Third, CLC would broaden market access. Since each security would be listed and therefore tradable at all exchanges, investors would be able to trade through local broker. This would also help reduce the need for inter-exchange trading which costs more and carries risks in custody.

Fourth, CLC would substantially improve dissemination of corporate announcements. At present, when a company with multiple listings makes a corporate announcement, which is often price sensitive, it has to send a fax to each exchange separately. Companies send these faxes to exchanges sequentially so that announcement is often made in one exchange before the fax is received by the other.

Exchanges also do not disseminate corporate announcements to all investors simultaneously. Instead, they first make the announcement through the speaker system installed in the premises of exchanges, which gives the brokers and clients present in the building an advantage over other investors. This fax and speaker system is both unfair and obsolete.

Internationally, exchanges use secure online systems to gather and disseminate corporate announcements. Since CLC would be a new setup, it would be best able to modernize corporate announcements function and ensure simultaneous disclosure to all investors.

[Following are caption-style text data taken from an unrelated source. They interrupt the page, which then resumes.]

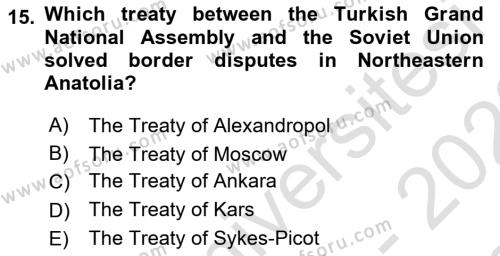 Principles Of Ataturk And The History Of Turkish Revolution 1 Dersi 2021 - 2022 Yılı (Final) Dönem Sonu Sınavı 15. Soru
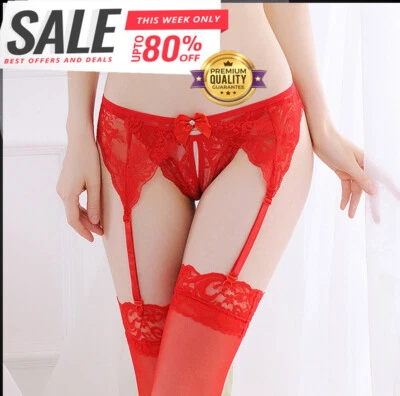 Strapsgürtel Strapshalter Strapse Rot spitze Schwarz sexy Strumpfhalter Erotik  - Bild 1 von 4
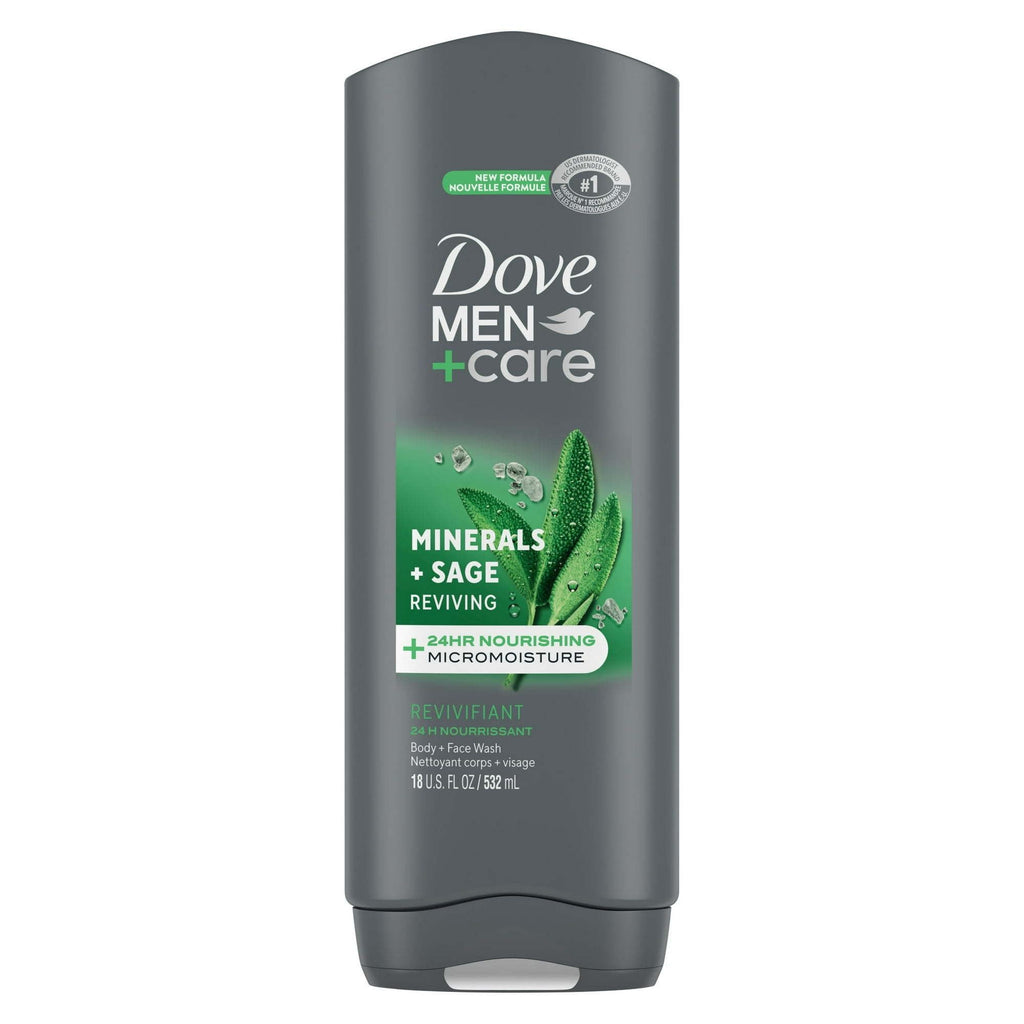 Dove Men+Care Reviving Long Lasting Face & Body Wash, Minerals & Sage All Skin Type, 18 oz EasyOptionXY LLC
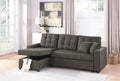 Ash Black Convertible Sectional Pull Out Bed Sofa Chaise Reversible Storage Chaise Polyfiber Tufted Couch Lounge Antique Black Wood Primary Living Space Tufted Back Contemporary,Modern L Shaped Pine Square Arms Plywood 4 Seat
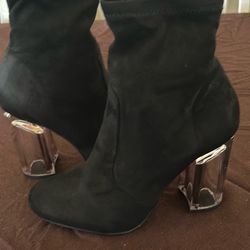 Black bow suede ankle boots with clear acrylic heel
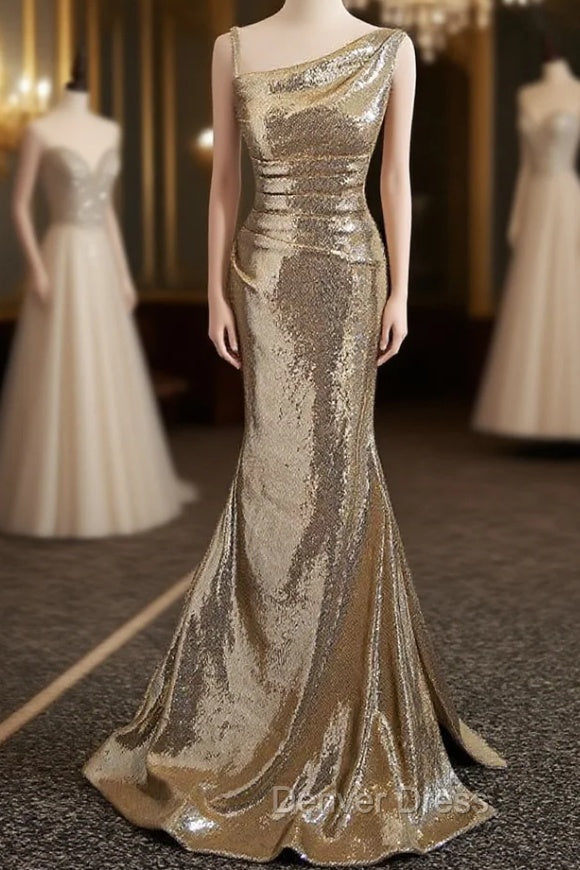 Gold Sequins Irregular Neck Pleats Prom Dresses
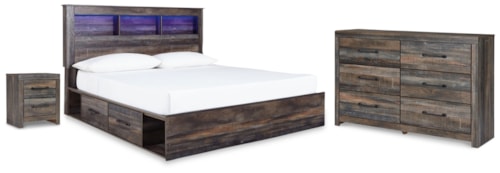King Bookcase Storage Bed, Dresser And Nightstand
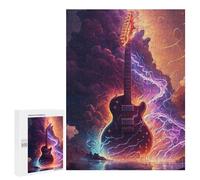 Cadeau De Saison - Electric Guitar with Fire Effect, Puzzle-Image en Bois, 500 PCS, pour Un Loisir Créatif en Intérieur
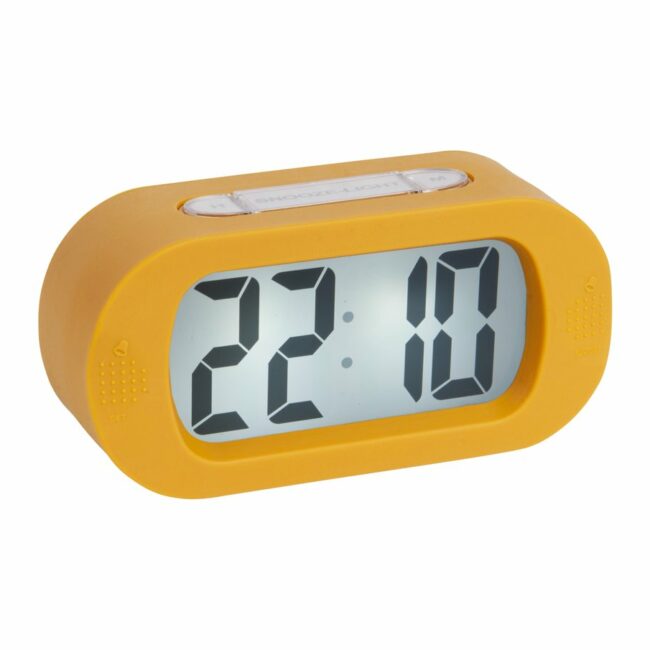 ALARM CLOCK GUMMY RUBBERIZED YELLOW 14X7X5CM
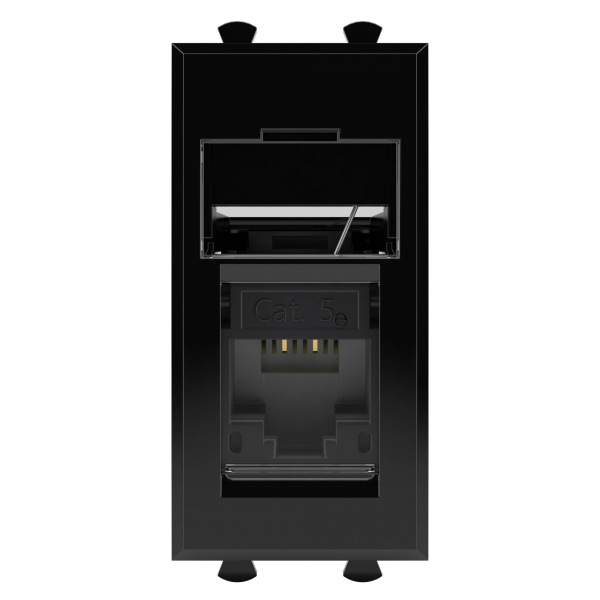 DKC Avanti Черный квадрат Розетка Компьютерная RJ-45  категория  5е 1 модуль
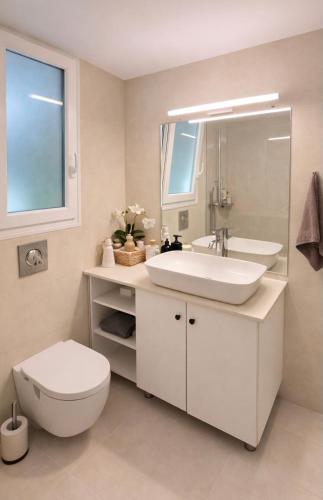 a bathroom with a sink and a toilet and a mirror at Terranova beach apartment -Rose in Ipsos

Fifth, CLC would relieve the exchanges of their role as “front line regulators” of listed companies and address conflicts of interest in listings. Repeated market scandals are evidence that exchanges cannot fulfil their regulatory responsibilities. Due to a poor perception of exchanges, listed companies also do not treat them as regulators. At times, exchanges also resist applications for de-listings on frivolous grounds so that they do not loose listing fees and the strategic importance that comes with listings. By July 2007, income tax rate for unlisted companies would become the same as that of listed companies, which would accelerate de-listings and strain relationship between exchanges and listed companies.

Moreover, post demutualization, exchanges would also be for-profit companies with regulatory jurisdiction over listed companies, which would worsen conflicts in listings. Establishment of CLC would address these issues. CLC need not act as front line regulator of listed companies. It should simply monitor compliance with its listing regulations and refer non-compliance to the SECP for appropriate action.

In sum, CLC would be a reform offering benefits to listed companies, investors and exchanges. Clearly, it would take time and effort to establish it. The legal framework, including the Securities and Exchange Ordinance 1969 would also have to be amended. As the apex regulator of capital market, SECP would do well take the lead in establishing CLC for the longer term development of capital market.